Now he had no excuse. He’d made his choice, and she was well, not only a gentlewoman but the daughter of a man with considerable means and aristocratic connections. No longer a poor vicar’s daughter. If he hadn’t been such a blind idiot a month ago he might have considered the potential disadvantage of helping her find her real family. But a month ago she’d been the sister of a duchess already. And he had believed himself impervious.

He wanted for her what she wanted for herself. He wished only for her happiness. After delivering the heirloom into Arabella’s hand, he would continue with the life he had made for himself. If they summoned him again he would not go.

Settling back into the shadowed corner of the taproom, he reached into his pocket and withdrew the object she had given him. A ring. A man’s large gold ring, set with a costly gem. She wanted Arabella to have it. Wise, of course. Her father’s family had made no attempt to find his daughters. They were not to be trusted. Eleanor wished this ring safe elsewhere.

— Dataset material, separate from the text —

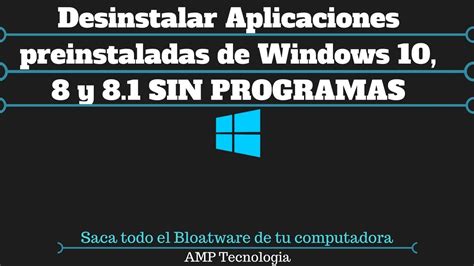 Como Desinstalar Aplicaciones Preinstaladas De Windows 10 8 Y 8 1 SIN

He leaned forward over his glass of ale and held the ring to the light of the candle. He turned it over in his fingers. What symbol had intrigued her so? And what had she learned about it in Elijah Fish’s workshop? Mysteries she had not wished to share with him. Mysteries . . .

Through the flat gem shone a clearly etched insignia. Taliesin recognized it. He never saw it, but he recognized it well, and a pounding, haunting heat filled him from his fingers to the back of his throat to his gut. He sought breaths, blinked hard. But the symbol did not change, blood red in the flickering candlelight.